Problem:
Could you repeat the entries below exactly, but only from the line with "Slide: The Image" through the line with "Difference between a", and without any picture?

Task inputs:
"""

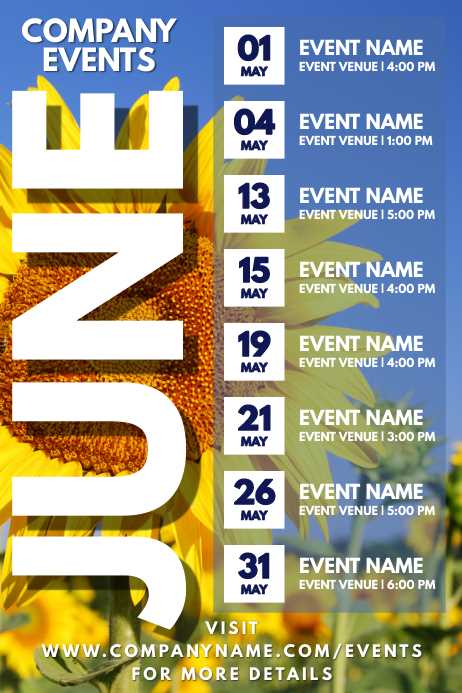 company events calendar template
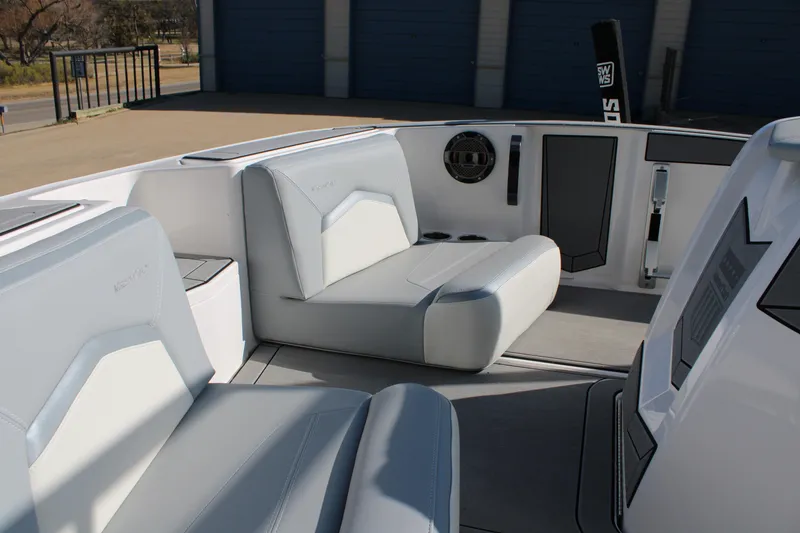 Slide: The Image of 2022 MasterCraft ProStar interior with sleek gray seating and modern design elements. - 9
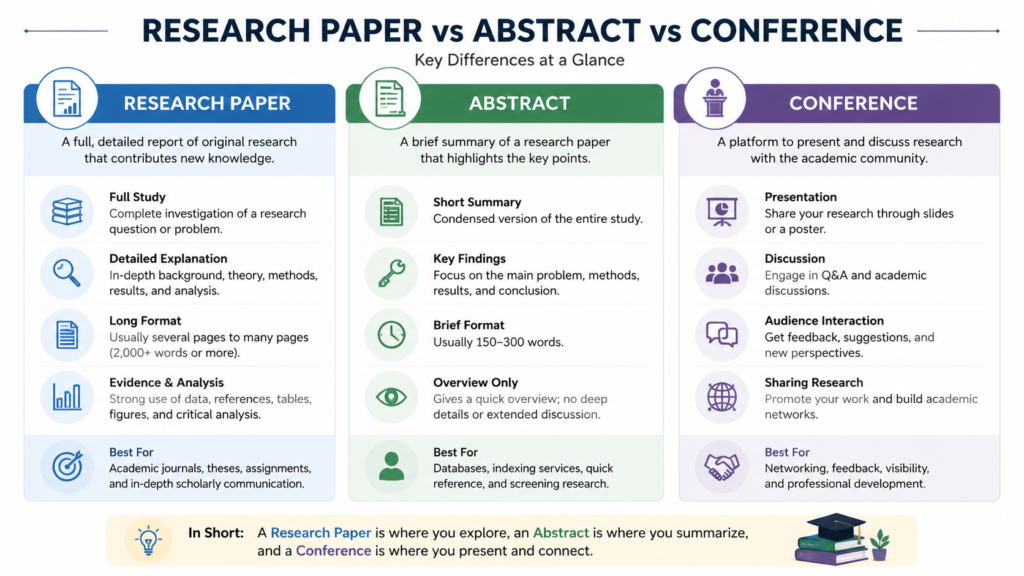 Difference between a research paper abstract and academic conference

"""
"""

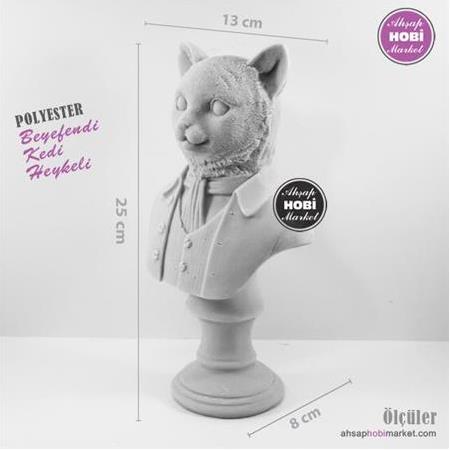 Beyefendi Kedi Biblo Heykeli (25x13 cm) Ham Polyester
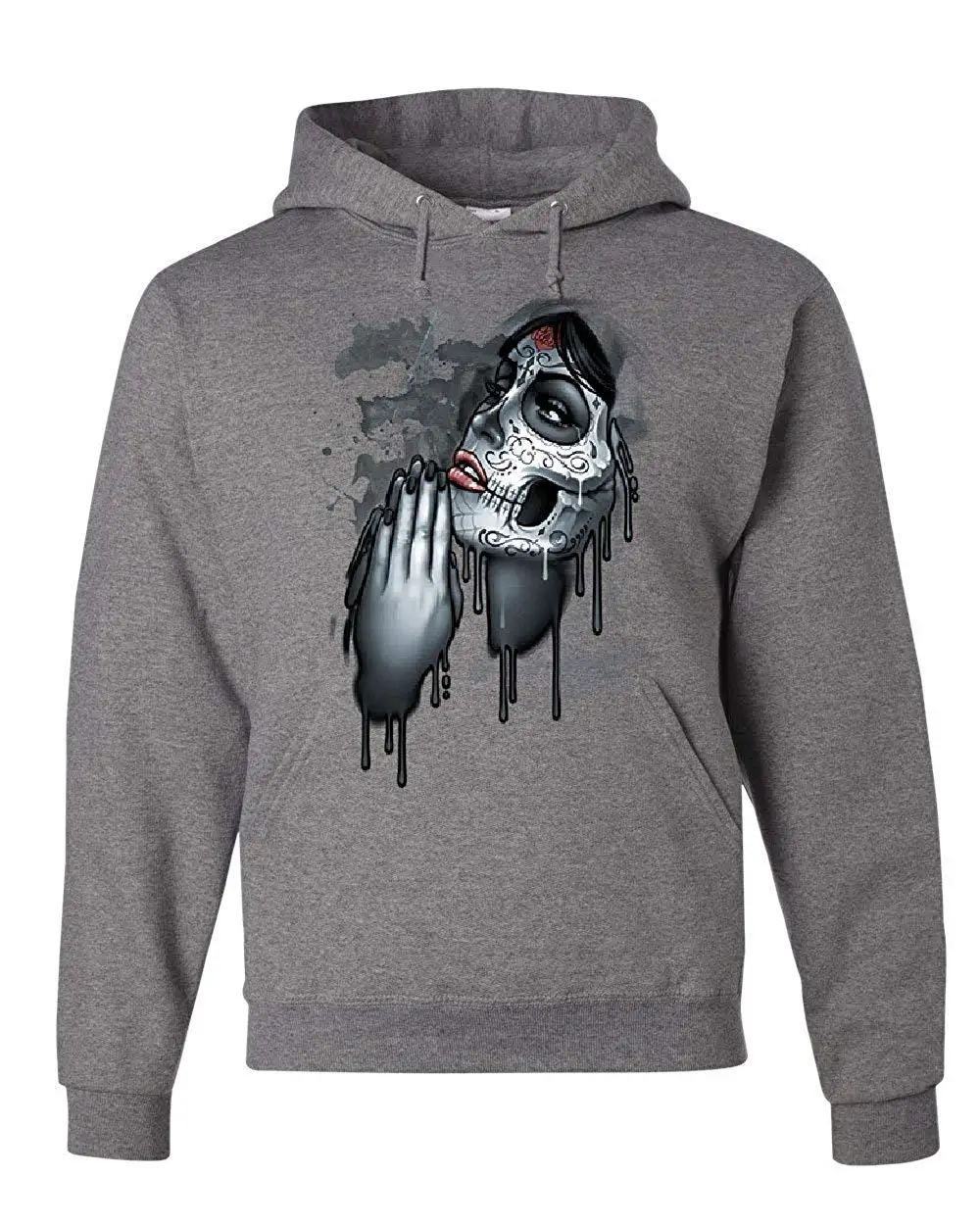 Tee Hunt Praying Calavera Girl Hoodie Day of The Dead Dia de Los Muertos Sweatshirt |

"""

Task response:
 Slide: The Image of 2022 MasterCraft ProStar interior with sleek gray seating and modern design elements. - 9
 Difference between a research paper abstract and academic conference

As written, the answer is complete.